22 December 2011 17:58 [Source: ICIS news]
HOUSTON (ICIS)--The number of people travelling during the US holiday season this year will approach a decade high, largely because of lower gasoline prices and a stronger economy, an analyst said on Thursday.
“Year-end gasoline prices in the US continue to be at their lowest level this year since February,” said independent oil analyst Bob van der Valk. “Prices continue to slide despite an increase in crude oil costs.”
The average retail price in the US is $3.216/gal, down from $3.340/gal a month earlier, according to automobile group AAA’s Fuel Gauge Report. This is about 77 cents/gal lower than the peak price for 2011.
AAA forecasts travel volume during the 2011-2012 holiday season to be the second highest in the past decade.
“It’s a positive sign for the travel industry that so many Americans are planning to travel this holiday season, collectively attributing to the second-highest year-end holiday travel volume in the past 10 years,” said Bill Sutherland, vice president of AAA Travel Services.
AAA forecast 91.9m Americans will travel at least 50 miles (80km) from home during the travel period of 23 December to 2 January, an increase of 1.4% year on year.
Automobile remains the top choice for transportation during the holiday as AAA predicts 83.6m Americans to drive, up 2.1% year on year. This year’s projection is just 100,000 less than the peak travel season of 2006-2007, which saw auto travel at 83.7m.
“Both holidays (Christmas and New years) fall on a Sunday, giving all kinds of opportunities for three-day weekends to be used for travelling to family and amusement parks,” said van der Valk.
Analyst Phil Flynn with PFGBest said the economy is improving, though it is far from normal.
“Most likely we’re going to see the US economy improve next year, as we’re already seeing some signals of growth,” Flynn said.
US automobile group AAA attributes increased travel to a stronger economy, particularly the expected growth of 1.5% for real gross domestic product (GDP) in the fourth quarter of 2011 compared with 2010. A month ago, the predicted increase for the US GDP was 1.3%.
“Bottom line though, it’s all about economy and consumer confidence,” said Purvin & Gertz analyst Stephen Jones.

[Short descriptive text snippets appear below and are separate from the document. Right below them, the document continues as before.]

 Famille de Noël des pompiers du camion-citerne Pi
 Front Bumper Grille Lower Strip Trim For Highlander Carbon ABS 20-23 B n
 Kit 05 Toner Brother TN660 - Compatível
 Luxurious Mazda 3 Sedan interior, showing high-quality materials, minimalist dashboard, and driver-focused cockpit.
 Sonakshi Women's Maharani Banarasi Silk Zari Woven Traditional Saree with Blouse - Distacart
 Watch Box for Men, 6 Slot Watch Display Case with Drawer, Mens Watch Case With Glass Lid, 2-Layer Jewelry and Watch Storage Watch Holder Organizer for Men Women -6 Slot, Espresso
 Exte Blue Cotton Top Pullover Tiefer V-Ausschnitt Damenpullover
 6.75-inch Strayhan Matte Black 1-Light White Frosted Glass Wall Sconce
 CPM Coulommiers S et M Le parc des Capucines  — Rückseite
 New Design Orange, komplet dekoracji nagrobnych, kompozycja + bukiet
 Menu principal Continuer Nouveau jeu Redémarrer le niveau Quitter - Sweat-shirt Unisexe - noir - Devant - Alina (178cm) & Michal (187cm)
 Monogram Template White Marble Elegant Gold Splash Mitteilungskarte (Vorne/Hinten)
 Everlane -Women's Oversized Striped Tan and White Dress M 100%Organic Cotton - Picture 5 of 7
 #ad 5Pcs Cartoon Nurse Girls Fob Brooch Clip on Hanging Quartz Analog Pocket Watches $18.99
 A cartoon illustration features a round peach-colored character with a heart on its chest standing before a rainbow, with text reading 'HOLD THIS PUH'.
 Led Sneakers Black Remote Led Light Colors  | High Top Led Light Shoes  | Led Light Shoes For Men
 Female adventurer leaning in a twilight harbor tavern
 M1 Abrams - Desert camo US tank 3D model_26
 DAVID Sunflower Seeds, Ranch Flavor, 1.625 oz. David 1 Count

AAA’s survey showed 59% of intended travellers said the economy has had no impact on their travel plans or has improved their situation. The remaining group, 41% of intended travellers, pared their travel plans in response to the economy.
“There’s the people that say, ‘I’m going to see grandma whether economy is good, bad or indifferent and I’m going to drive to get there’,” said Flynn. “And some people will look at the economy getting better and not only go to grandmas but say, ‘Let’s go drive around and look at the Christmas lights as well’.”